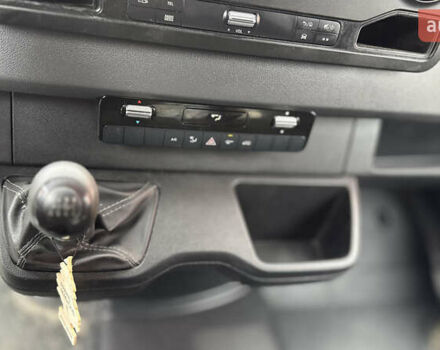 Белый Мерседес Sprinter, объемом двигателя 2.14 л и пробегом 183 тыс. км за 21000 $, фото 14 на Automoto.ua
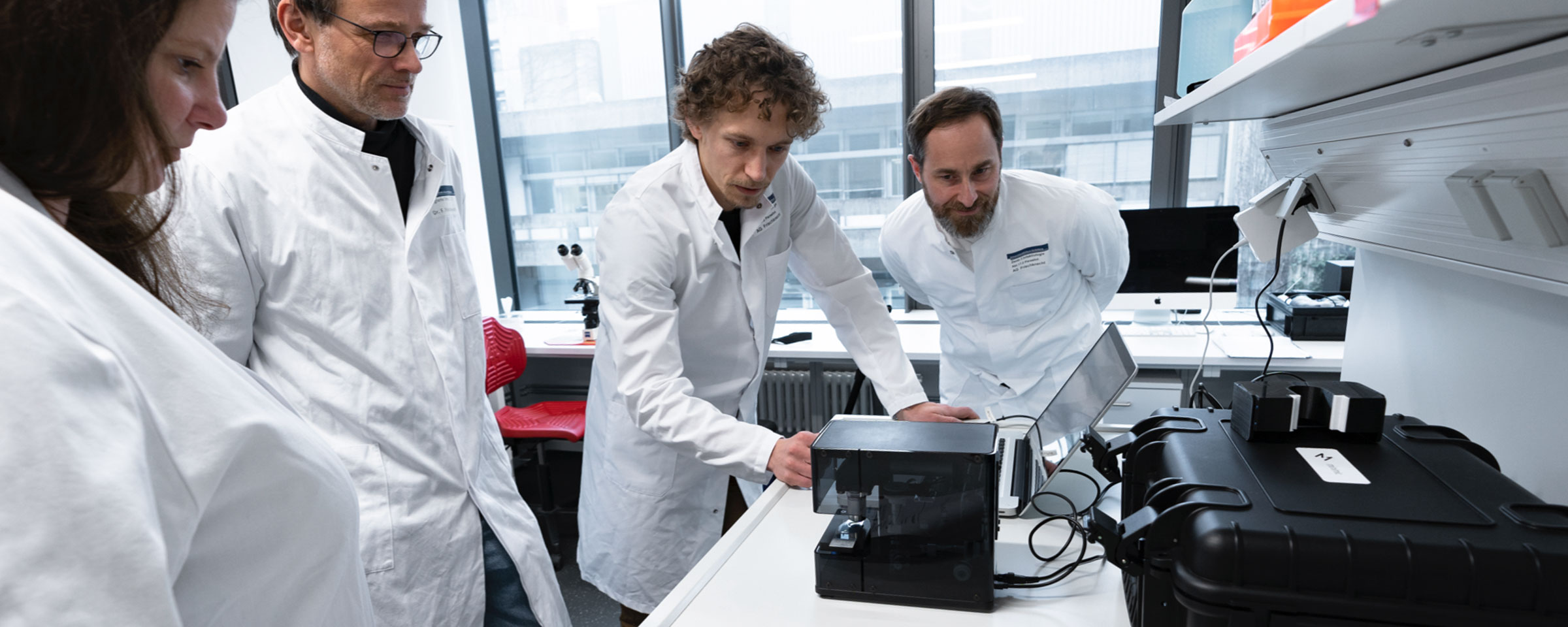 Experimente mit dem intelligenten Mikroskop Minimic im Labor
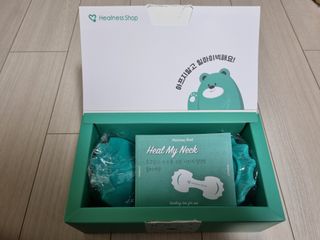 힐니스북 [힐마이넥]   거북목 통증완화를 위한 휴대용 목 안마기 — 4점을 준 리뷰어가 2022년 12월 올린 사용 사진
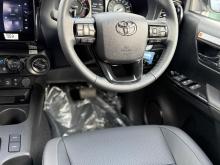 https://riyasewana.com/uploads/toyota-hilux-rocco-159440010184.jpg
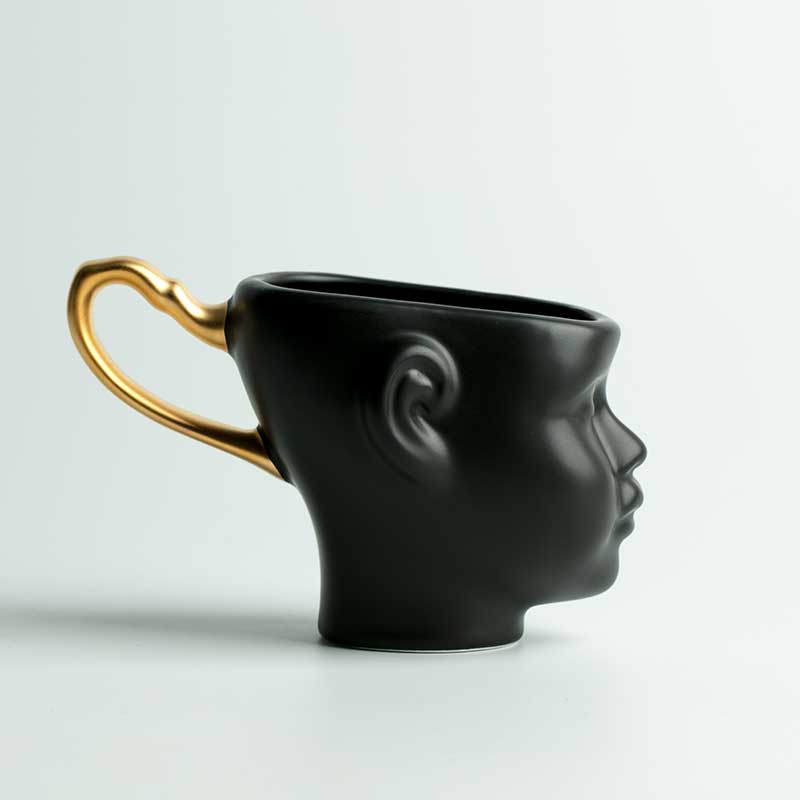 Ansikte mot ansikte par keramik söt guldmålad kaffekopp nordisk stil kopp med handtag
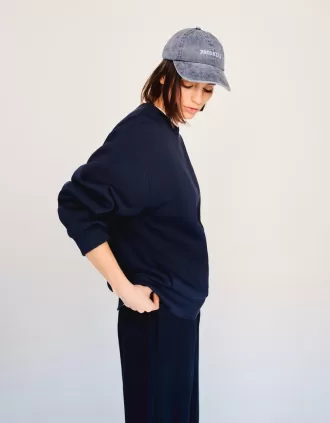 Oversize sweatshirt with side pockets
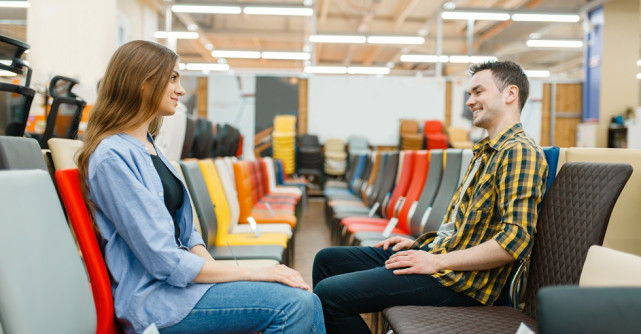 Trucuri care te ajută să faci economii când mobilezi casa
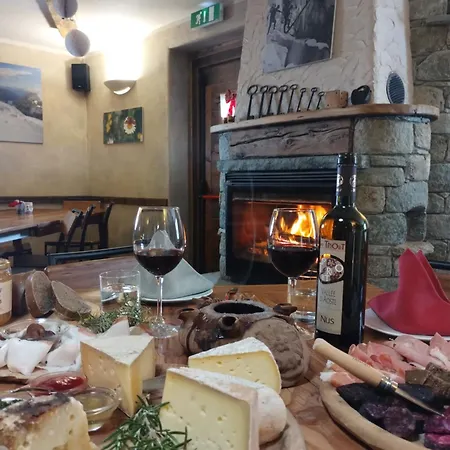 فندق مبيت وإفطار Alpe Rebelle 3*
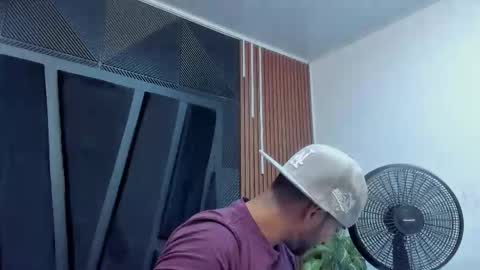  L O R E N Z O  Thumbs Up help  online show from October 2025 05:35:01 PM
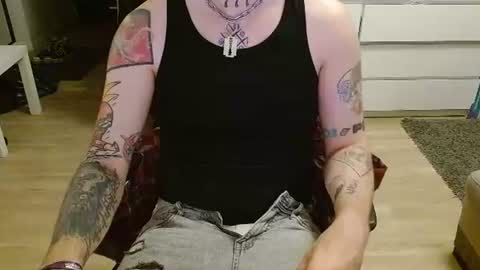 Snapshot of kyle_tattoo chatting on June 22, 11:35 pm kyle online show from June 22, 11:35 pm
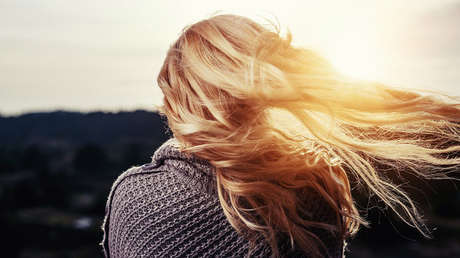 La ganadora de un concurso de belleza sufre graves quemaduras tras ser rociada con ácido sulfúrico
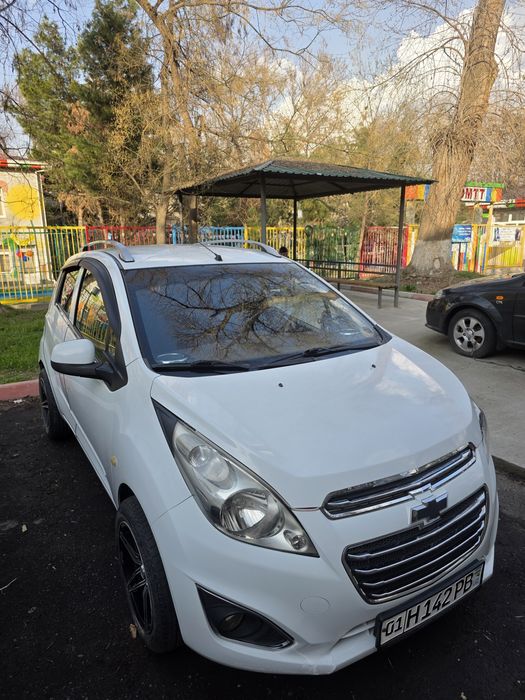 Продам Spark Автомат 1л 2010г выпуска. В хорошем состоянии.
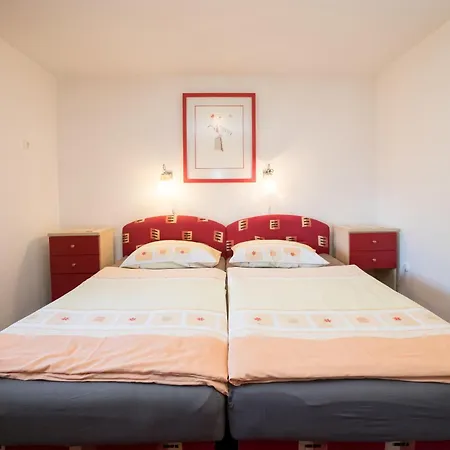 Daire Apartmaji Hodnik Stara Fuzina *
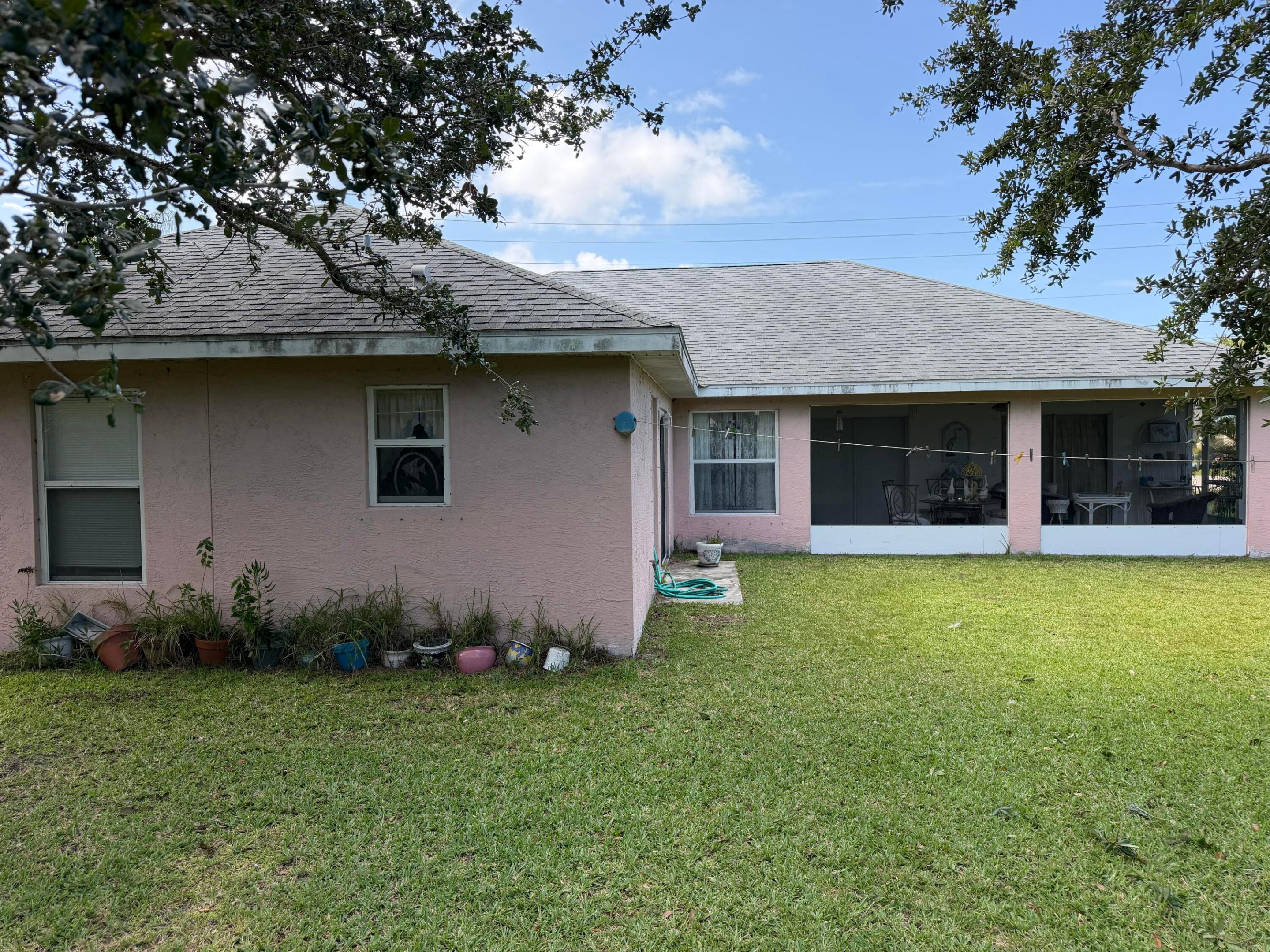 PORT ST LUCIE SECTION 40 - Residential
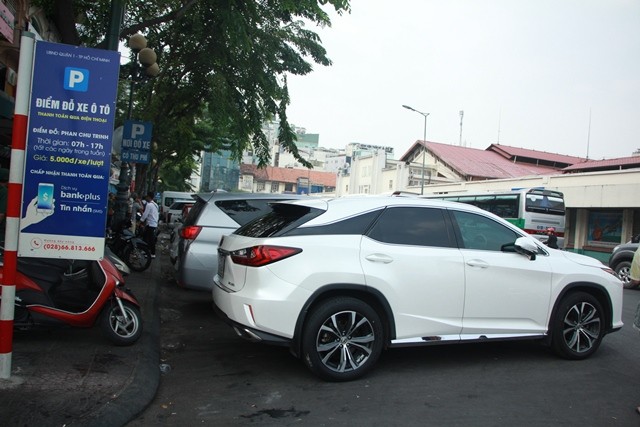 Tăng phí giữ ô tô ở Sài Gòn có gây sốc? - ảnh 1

+--

• _ABOUT THIS TASK_
Your task is to retype, exactly and only, the lines from the line holding "PORT ST LUCIE SECTION 40 - Residential" through the final line of the data above, with both ends kept. Drop the pictures.

• _OUTPUT FOR THIS EXERCISE_
 PORT ST LUCIE SECTION 40 - Residential
 Tăng phí giữ ô tô ở Sài Gòn có gây sốc? - ảnh 1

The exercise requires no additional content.